Almost 60 years ago, the historian Richard Hofstadter described what he saw as the true goal of McCarthyism. “The real function of the Great Inquisition of the 1950’s was not anything so simply rational as to turn up spies or prevent espionage,” he wrote, “or even to expose actual Communists, but to discharge resentments and frustrations, to punish, to satisfy enmities whose roots lay elsewhere than in the Communist issue itself.” Likewise, in a much more recent book, “The Second Red Scare and the Unmaking of the New Deal Left,” the historian Landon R.Y.
Storrs shows how conservatives used loyalty pledges to purge the federal bureaucracy of government officials “who hoped to advance economic and political democracy by empowering subordinated groups and setting limits on the pursuit of private profit.” Left-leaning New Dealers in the federal government, she explains, “believed that race and gender inequality served employers by creating lower-status groups of workers who supposedly needed or deserved less, thereby applying downward pressure on all labor standards, including those of white men.

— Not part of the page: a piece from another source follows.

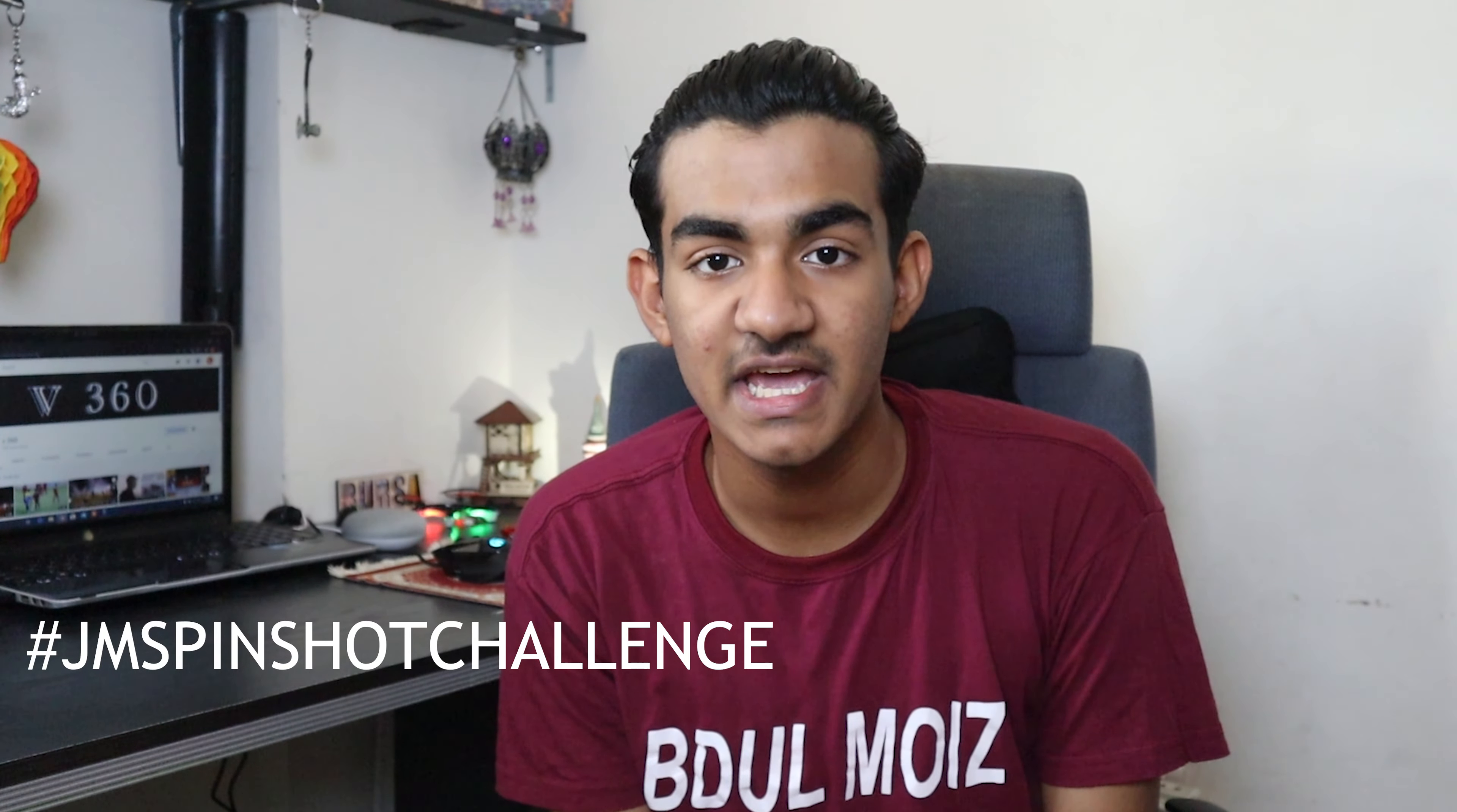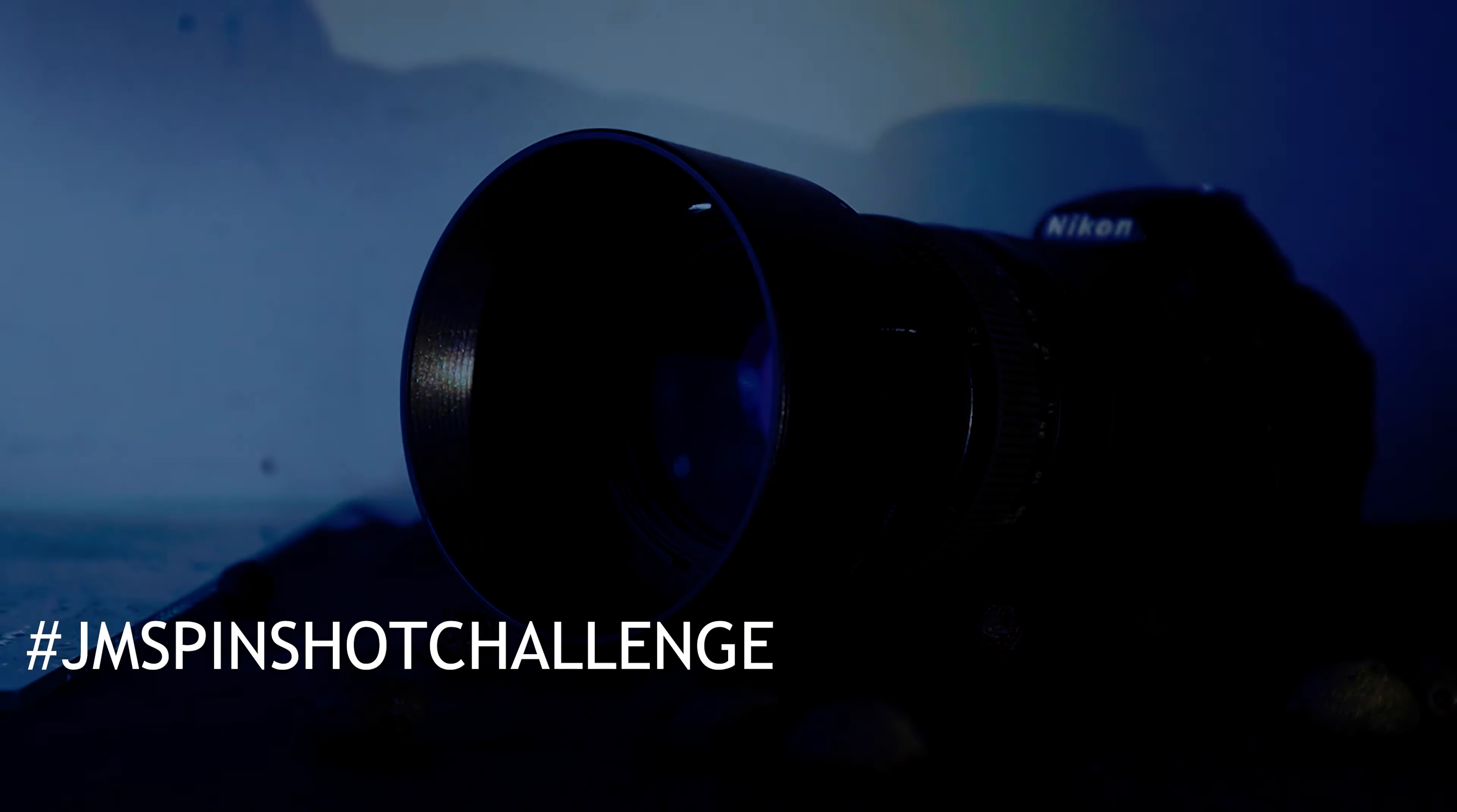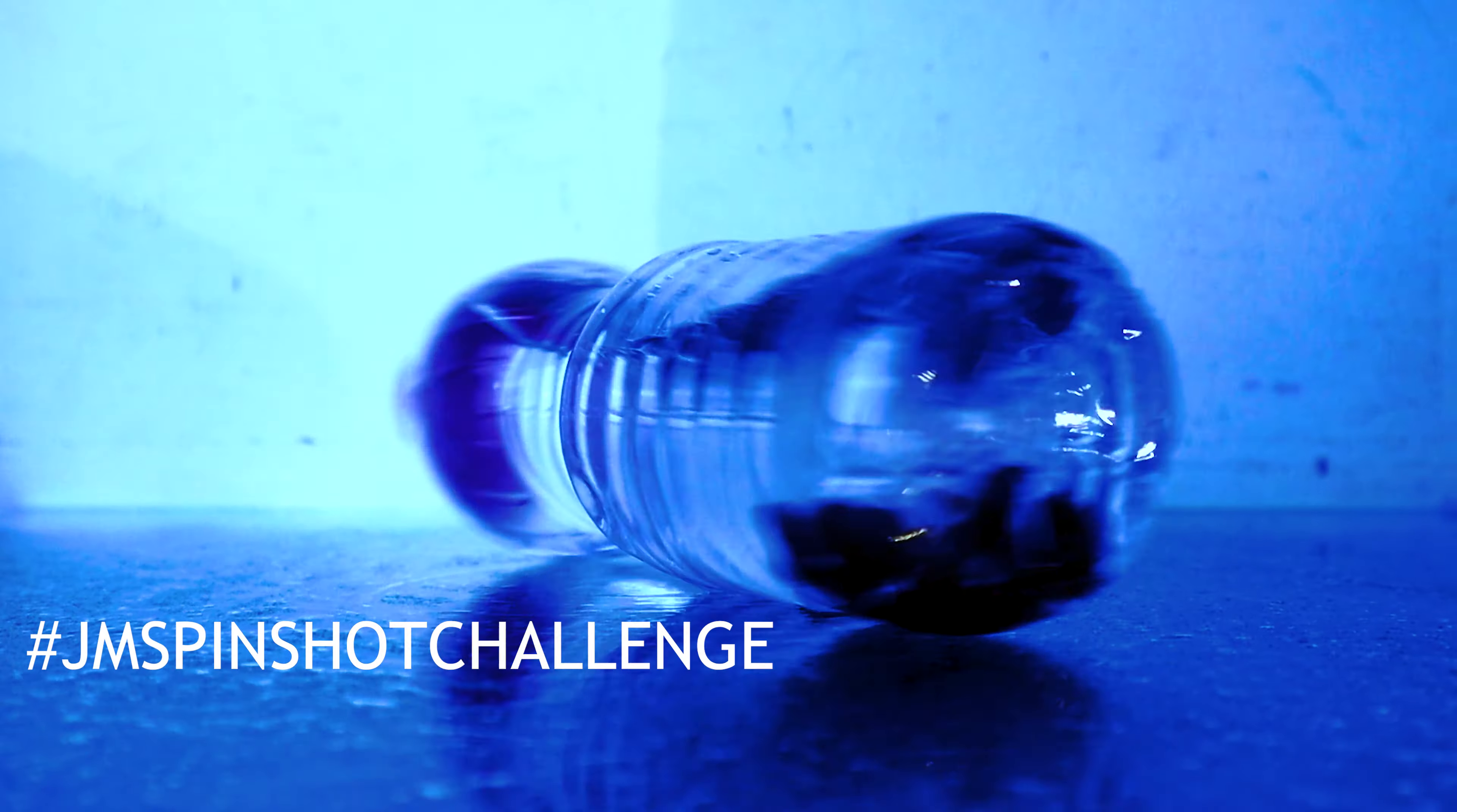Assalamu alaikum, I'm Abdul Mishchanan and today I'm going to do a new video. In this video I'm going to accept a challenge, the name is JM Spin Shot Challenge. This challenge is yourself, a camera and an object.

They saw their mission as sweeping away beliefs and practices that were based on obsolete conditions but defended by those whose interests they continued to serve.” The Red Scare is, in this view, less a sudden outburst of reactionary hysteria than a political project aimed directly at dismantling the New Deal order and ousting those who helped bring it into being, both inside and outside the federal government.